Main works of Oliver Hart
The Nobel Prize in Economic Sciences in 2016 was jointly awarded to Oliver Hart, then at Harvard University and Bengt Holmström, then at Massachusetts Institute of Technology, “for their contributions to contract theory”.
Hart did his undergraduate studies in mathematics from Kings College, Cambridge, which he finished in 1969. After this, he did a Masters in economics from Warwick University in 1971 and his PhD from Princeton University in 1974. His doctoral work was on the theory of general equilibrium with incomplete markets and his thesis supervisor was Michael Rothschild.
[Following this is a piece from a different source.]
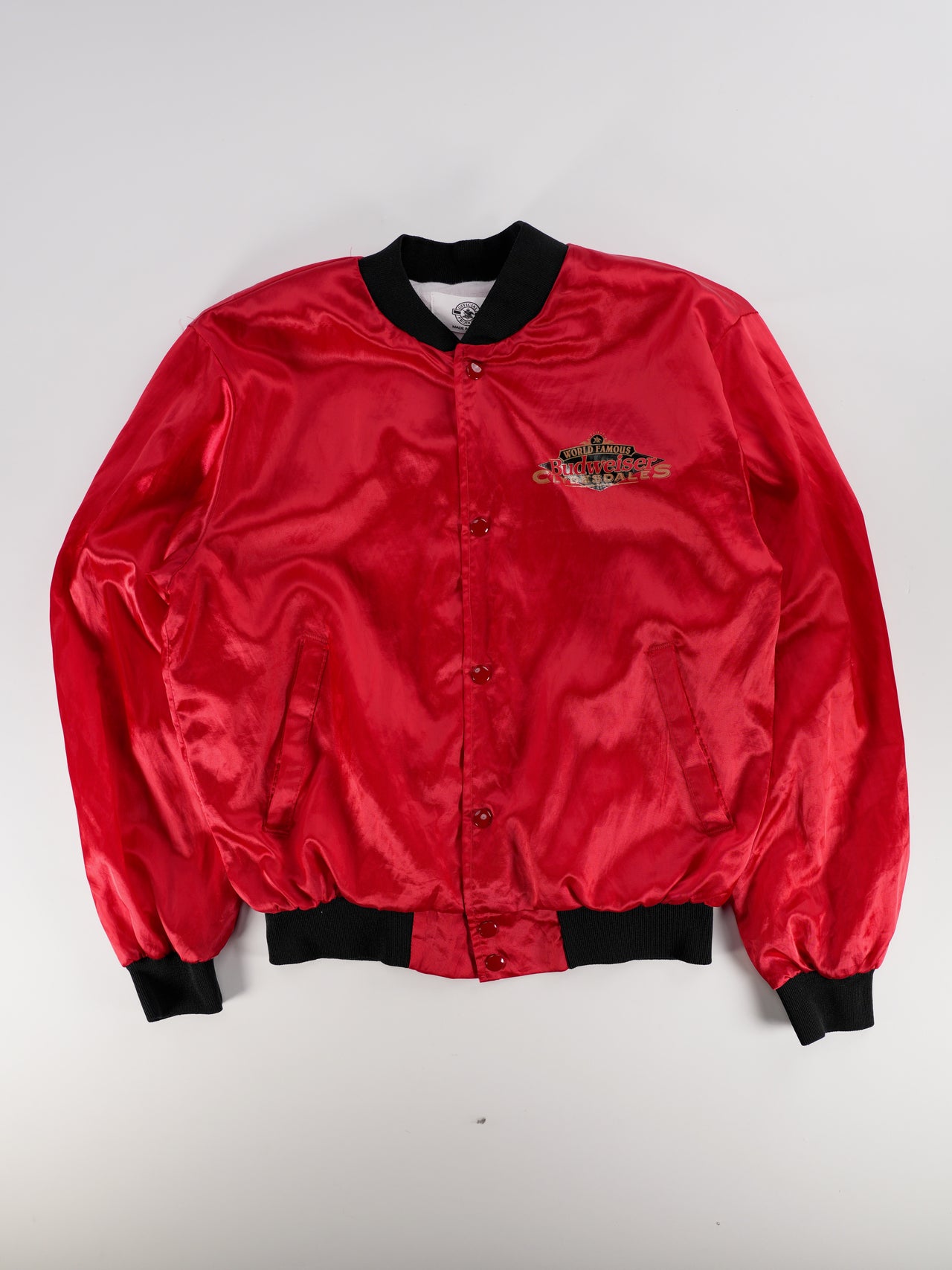 1980s - Budweiser Clydesdales Red Satin Bomber Jacket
After completing his PhD, Hart taught at the University of Essex for a while and then moved to Cambridge University where he stayed till 1981. From 1981 to 1984, Hart taught at the London School of Economics, and thereafter, he moved to MIT where he stayed till 1993. In 1993, Hart joined Harvard University as faculty.
Holmstrom did his undergraduate studies in mathematics, physics and statistics, from the University of Helsinki, which he finished in 1972. After this, he moved to Stanford in 1974 for doing Masters in operations research, transitioning to his PhD in decision sciences from the Graduate School of Business at Stanford, which he completed in 1977. His thesis was on incentives, information asymmetries and contracts. His thesis supervisor was Bob Wilson. After his PhD, Holmstrom went back to Finland to work for a while at Hansen School of Economics and then came back to the US and taught at North-western University during 197983. In 1983, he moved to Yale where he stayed till 1994. In 1994, he joined the Sloan School of Management at MIT as faculty, where he continues to teach.
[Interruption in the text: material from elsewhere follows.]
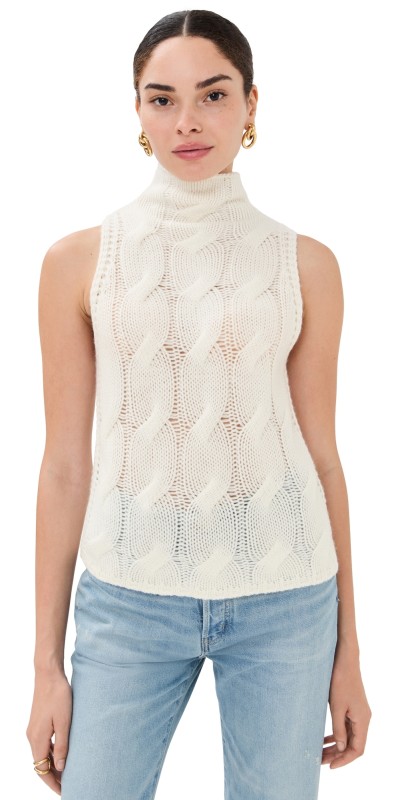 Sablyn Salvia Sleeveless Cashmere Cable Turtleneck Gardenia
In this article, we will review the main works of Hart and Holmstrom and look at how they continue to be relevant for many policy decisions across the world.
Hart is best-known for his work on incomplete contracts and its implications on principal-agent theory. Hart’s work began with his doctoral thesis and continued thereafter in collaboration with other economists. The first collaboration was with Sandy Grossman in 1976 with whom he explored the managershareholder dynamic. This work expanded and looked at the best ways to incentivise management, and was captured in their 1983 paper, ‘An Analysis of the PrincipalAgent Problem’, published in Econometrica. The authors argued that market allocations under uncertainty, and when moral hazard exists, are not optimal. They gave a mathematical model of the principal-agent theory in this paper.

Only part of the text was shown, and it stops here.